Some of these opportunities could be found in China’s ‘new economy’ sectors such as technology, healthcare, and consumer goods and services which were the sectors that benefitted the most from the rise in income, living standards and ongoing expansion of China’s middle and upper classes, the firm said.

“Wealthier consumers will favour services such as education, travel and luxury goods. We are already seeing upmarket European fashion brands such as Prada and Gucci opening up in China at a rapid rate. The nation’s wealth is beckoning offshore investment,” VanEck’s managing director and head of Asia Pacific, Arian Neiron, said.

“China alone accounts for 39% of global growth and its share of economic activity is rising as the nation’s population of around 1.5 billion people will keep growing and consuming. China will inevitably overtake the US as the world’s largest economy.”

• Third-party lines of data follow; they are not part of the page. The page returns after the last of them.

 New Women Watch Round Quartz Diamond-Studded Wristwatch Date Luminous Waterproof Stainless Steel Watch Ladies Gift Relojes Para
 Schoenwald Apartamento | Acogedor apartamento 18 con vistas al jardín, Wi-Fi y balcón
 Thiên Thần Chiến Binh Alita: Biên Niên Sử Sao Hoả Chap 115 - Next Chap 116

At the same time, the opportunities to invest in china A-shares were heavily limited to only a handful of Australian institutional investors, who had the necessary approvals from the Chinese Government authorities to invest directly in the domestic China markets.

“These opportunities should not be missed. An investment in China A-shares gives investors access to China’s technology, healthcare, consumer discretionary and consumer staples sectors which are growing in importance with local companies reaping greater earnings,” Neiron said.

“We believe China’s ‘new economy’ to be one of the greatest potential sources of investment returns over the medium to long term.”